BuntineW

Wray Buntine

Principal Researcher
Canberra Research Laboratory

General

Dr Buntine is a principal researcher at NICTA's Canberra Lab. in the Statistical Machine Learning group, and an Adjunct at the Australian National University. His interests are theoretical and applied research in machine learning, probabilistic methods, and information access, for instance document analysis and document retrieval.  A common thread for current research is non-parametric Bayesian methods for topic modelling.

Dr. Wray Buntine relocated from Helsinki Finland to Canberra Australia in April 2007 to join NICTA.  Recently of University of Helsinki and HIIT, and previously NASA Ames Research Center, UC Berkeley, and Google. 

Dr. Buntine's early work at NASA Ames research Center was in machine learning of decision trees and Bayesian networks, doing one of the first Bayesian non-parametric theses in machine learning.  He also has a development background using Linux, and has produced two GPL'd suites of machine learning software, IND for decision trees in the 90's and MPCA for component analysis mid 2000's.  His undergraduate was at University of Queensland where he did pure and applied mathematics and an MQual (1st class) in Computer Science.

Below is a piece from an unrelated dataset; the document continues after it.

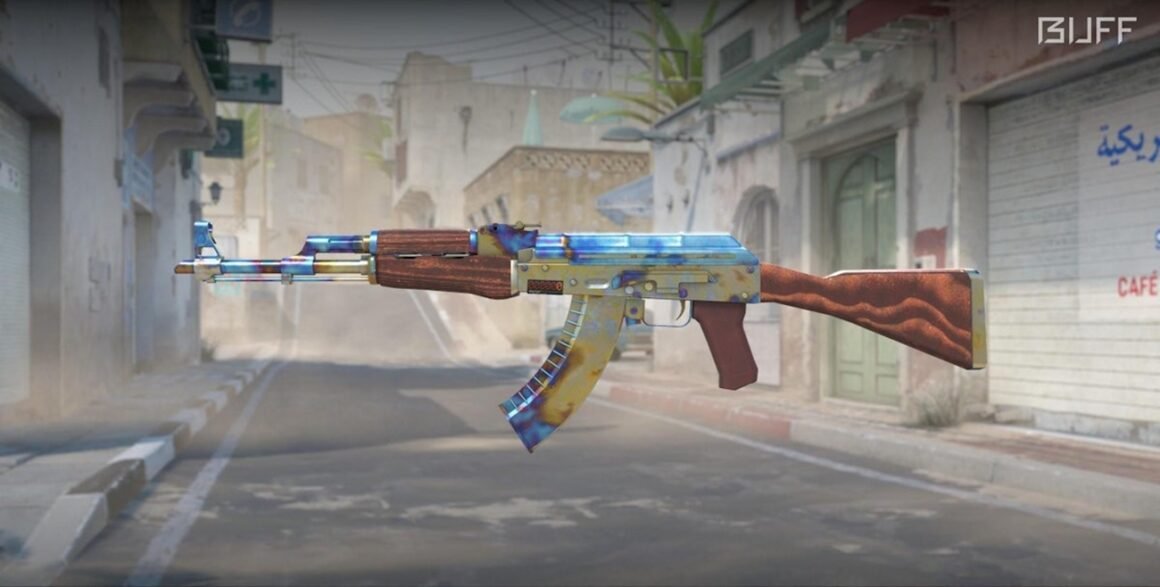 AK-47 Case Hardened Stattrak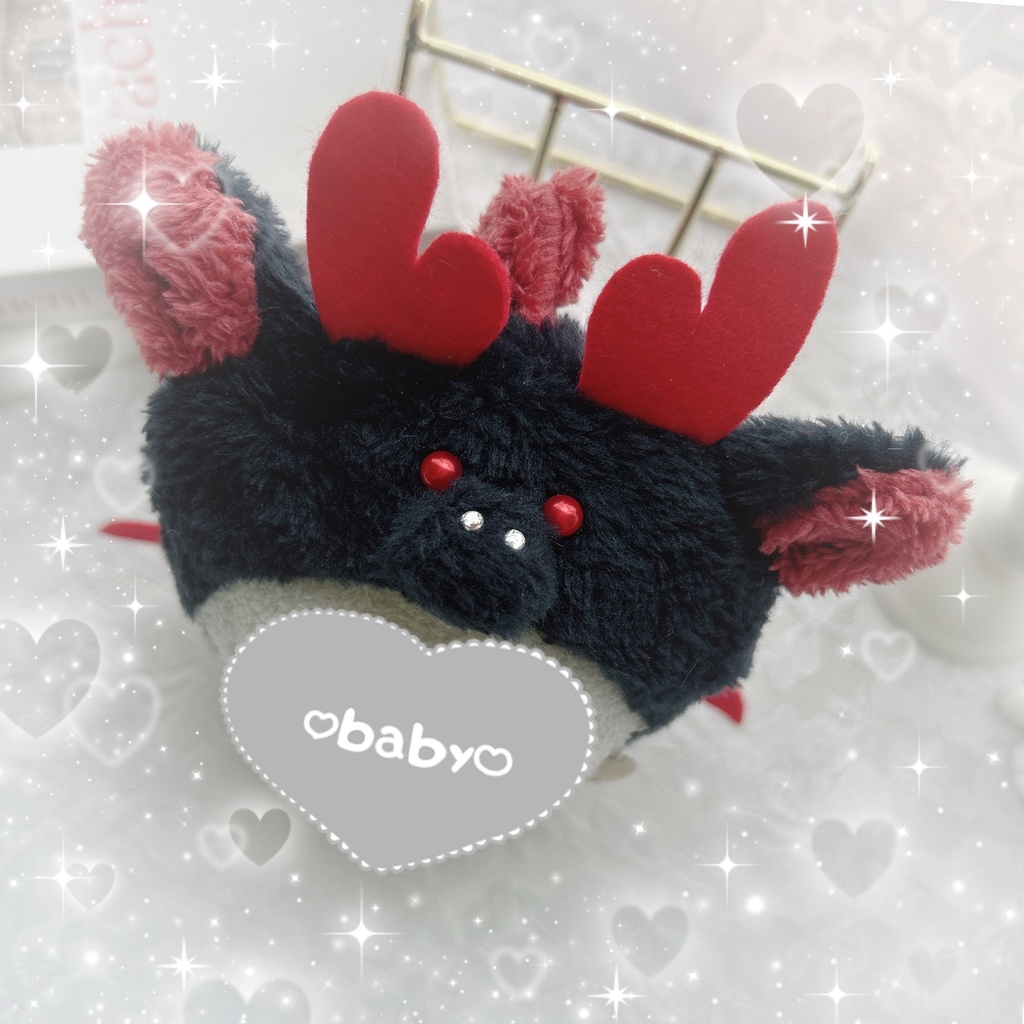 BLACK×RED DRAGON 🐉❤️🖤 ぬい服♡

full resume is available, as well as slides from an overview research talk, "Discrete Non-Parametric Models for Natural Language Processing".

Prospective Students

Sample projects are at official ANU website.

Wray 

Contact Details

Postal address: Locked Bag 8001, Canberra ACT 2601 AUSTRALIA

Office location: Building A, 7 London Circuit, Canberra

Email:Wray<dot>Buntine<at>nicta.com.au 

 

Current Research

Along with past and present PhD students Lan Du and Changyou Chen, I'm working on applications in topic models of Poisson-Dirichlet (or Pitman-Yor) processes and a near relative called Normalised Generalised Gamma processes.  The later are a kind of Poisson process and thus allows clean birth, death and transition operators.  We apply these to topic modelling as a way of handling different document and linguistic structures.  A good overview set of slides is "Discrete Non-Parametric Models for Natural Language Processing".  Some recent publications are:

Publications 

See the NICTA publications page under "Buntine".  Google Scholar and Uni. Trier's DBLP have good collections, including some of the oldies, as does Jie Tang's ArnetMiner entry for W.L.B.  I also have 4 patents, mostly thanks to Jon Oliver. My Erdos number is 42.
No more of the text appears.